__WHAT IS NEEDED__
No picture should appear in the copy. Transcribe exactly, and only, the lines from the one with "Studio25 feat. Kroma :: Urlaub" through the last line of the data below.

(Saved entries)
»»

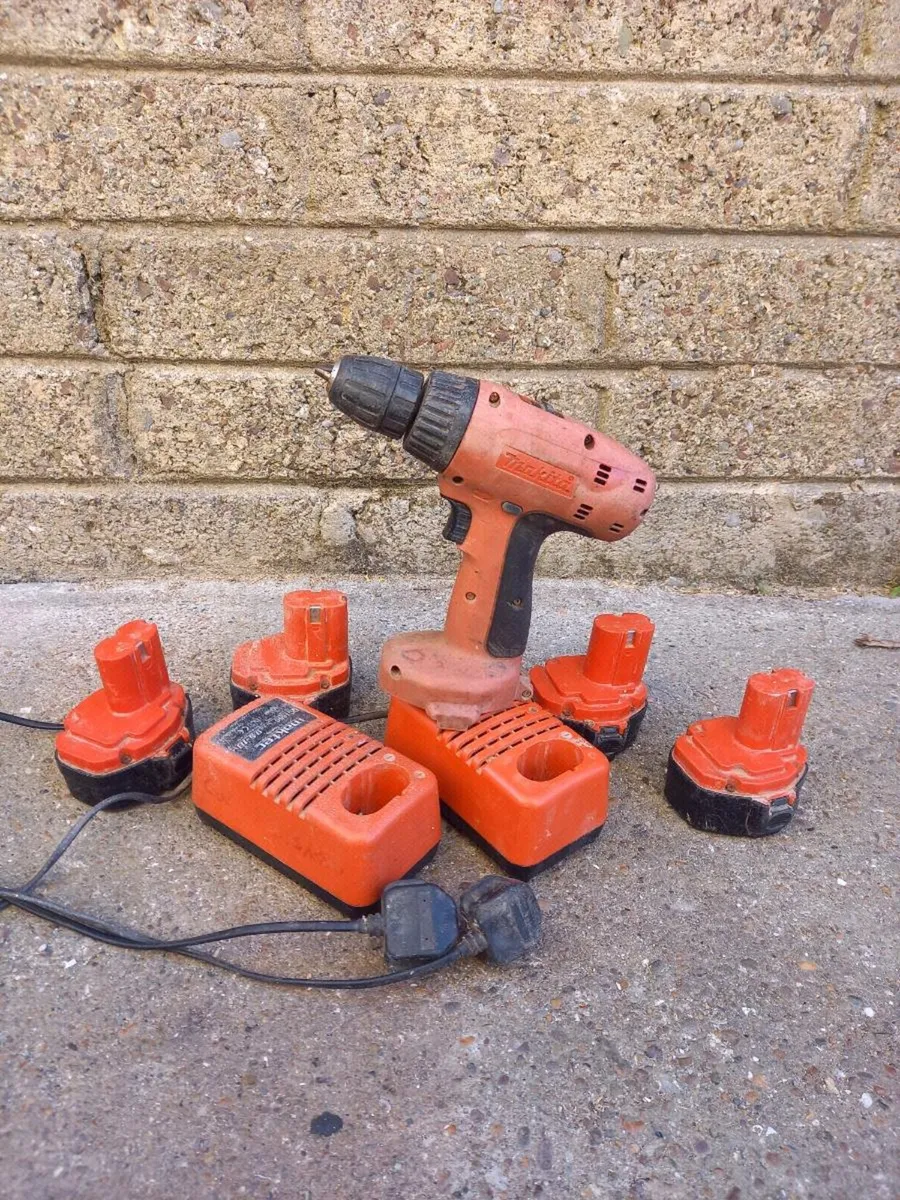 Makita Cordless Drill - Image 1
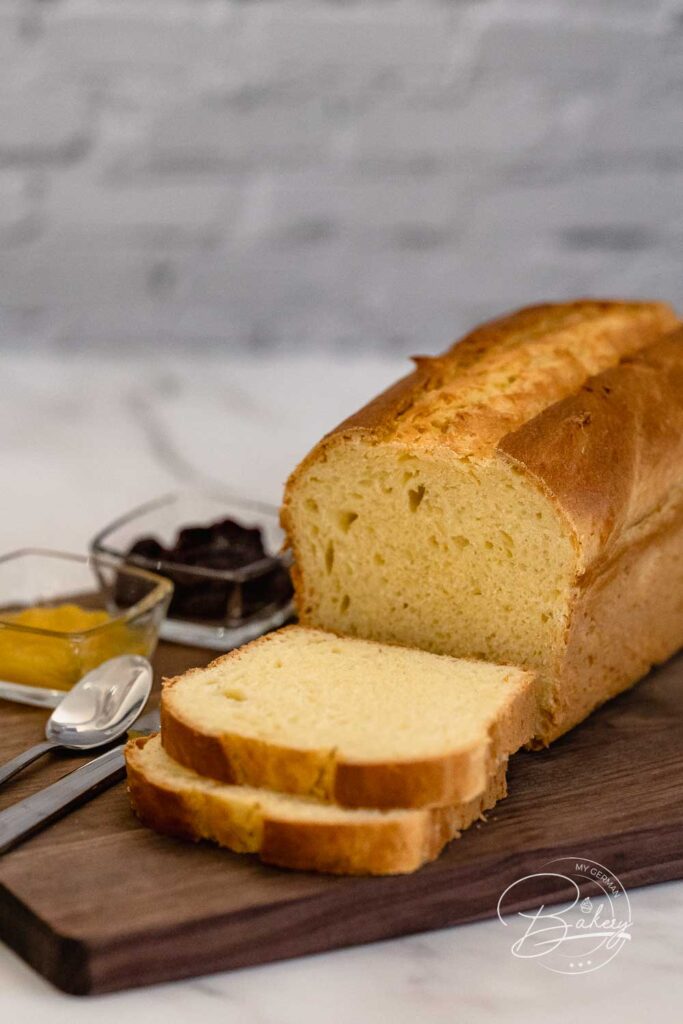 Einfacher süßer Stuten - Brot Rezept - Leckeres Brot schnell selbstgemacht - gelingt immer - wie beim Bäcker - frisch selbst gebacken - Sonntagsfrühstück - Stuten und süßes Weißbrot - Rezept für einfachen süßen Stuten als Brot Rezept. Leckeres süßes Brot schnell gebacken. Zutaten: Mehl, Zucker, Milch, Eier, Hefe, Butter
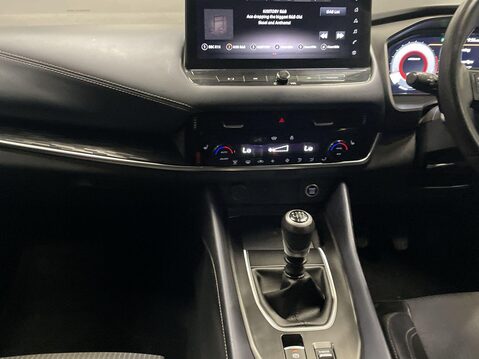 Nissan Qashqai 1.3 DIG-T MHEV Tekna SUV 5dr Petrol Hybrid Manual Euro 6 (s/s) (140 ps) Cr 16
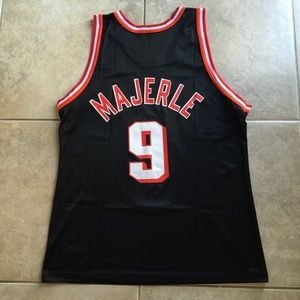 dan majerle heat jersey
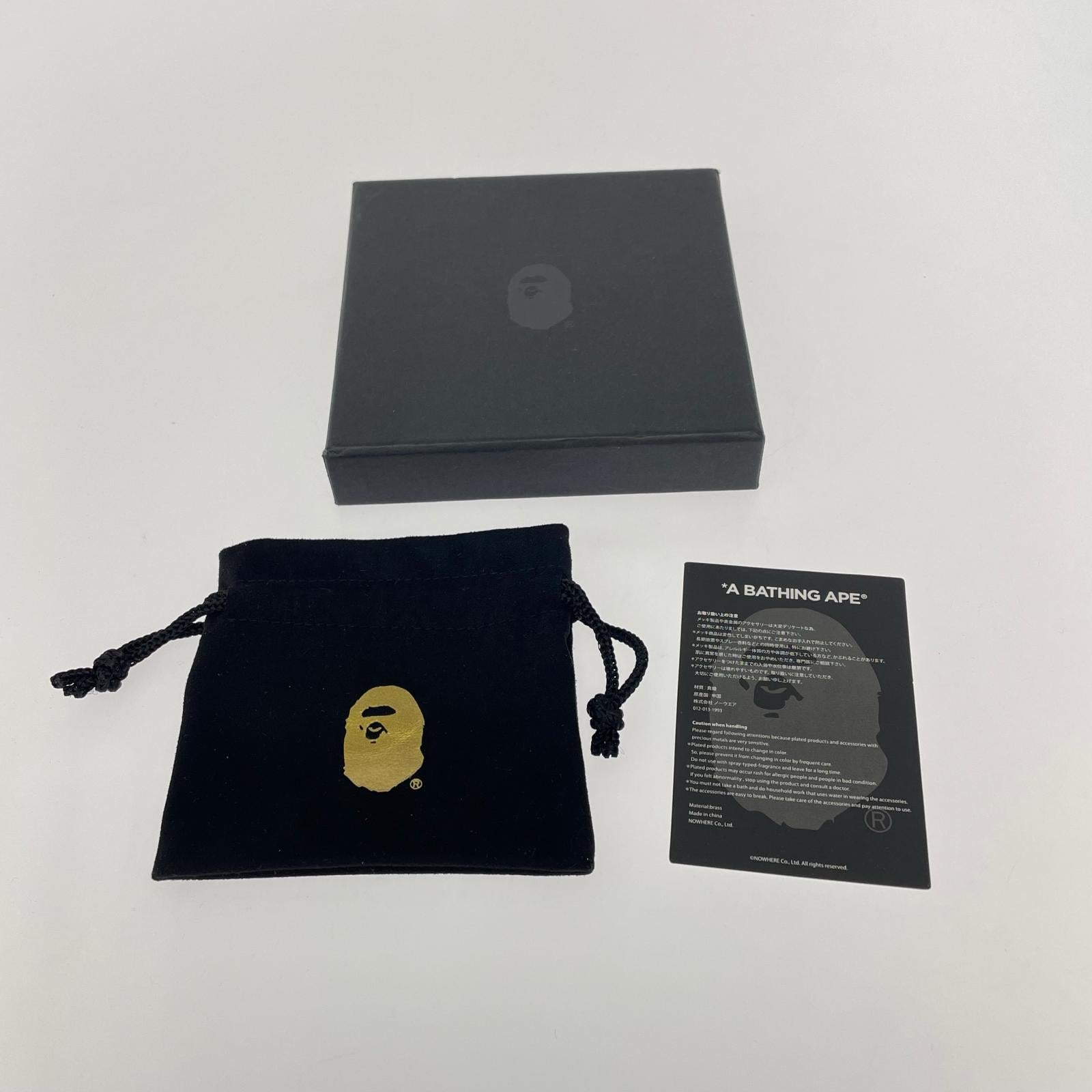 ネックレス A BATHING APE カードデザイン ネックレス ゴールド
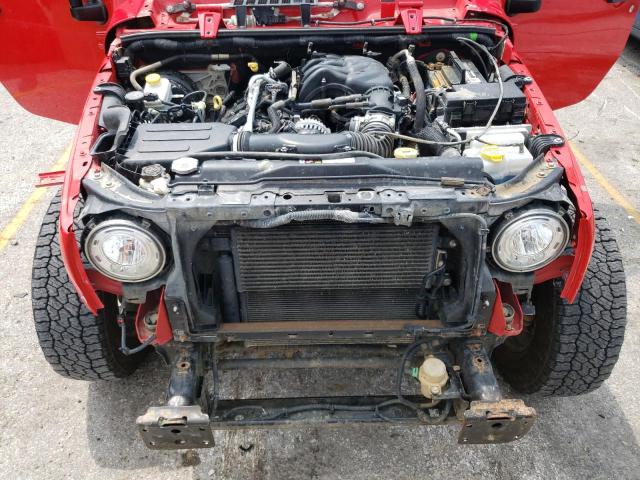 1C4BJWKGXJL880112 - 2018 JEEP WRANGLER U SPORT RED photo 11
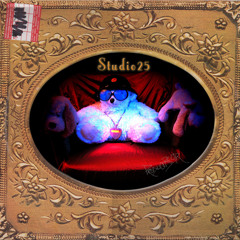 Studio25 feat. Kroma :: Urlaub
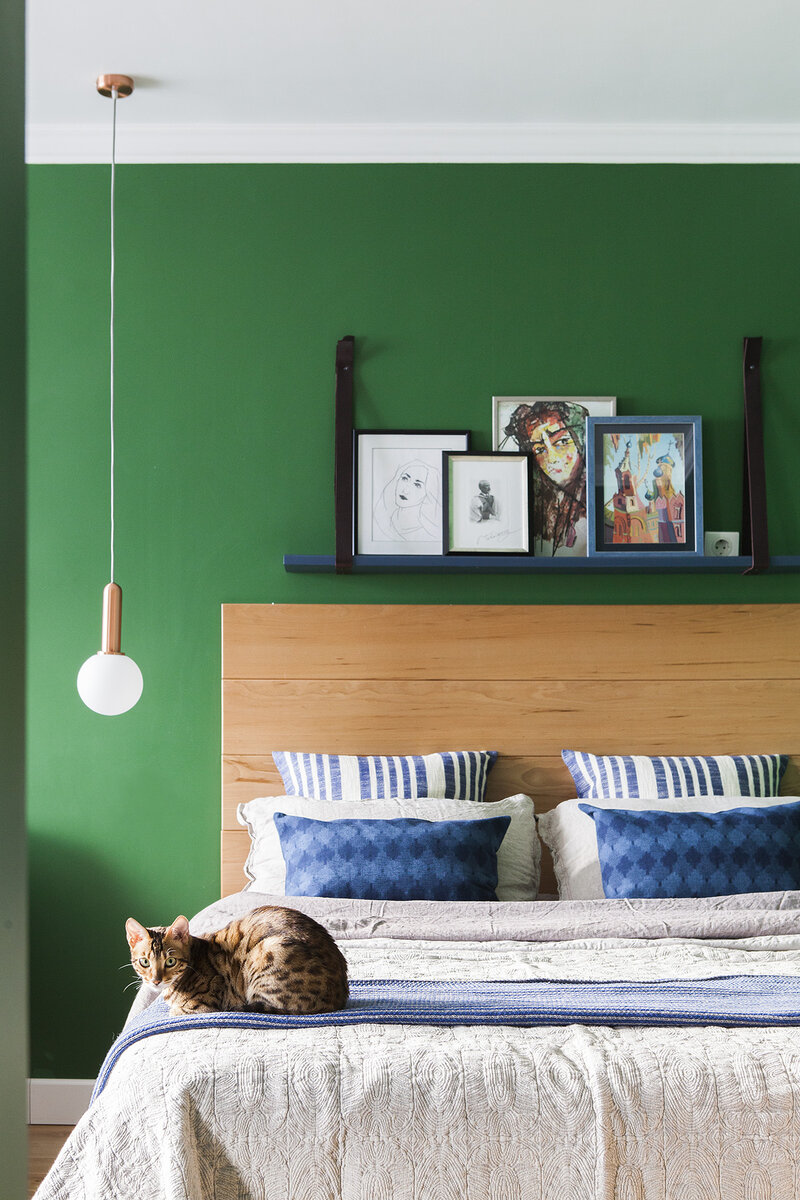 А подвесные светильники под медь, обрамляющие диван с двух сторон, приобрели в Германии.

««

__RESPONSE FOR THIS EXERCISE__
 Studio25 feat. Kroma :: Urlaub
 А подвесные светильники под медь, обрамляющие диван с двух сторон, приобрели в Германии.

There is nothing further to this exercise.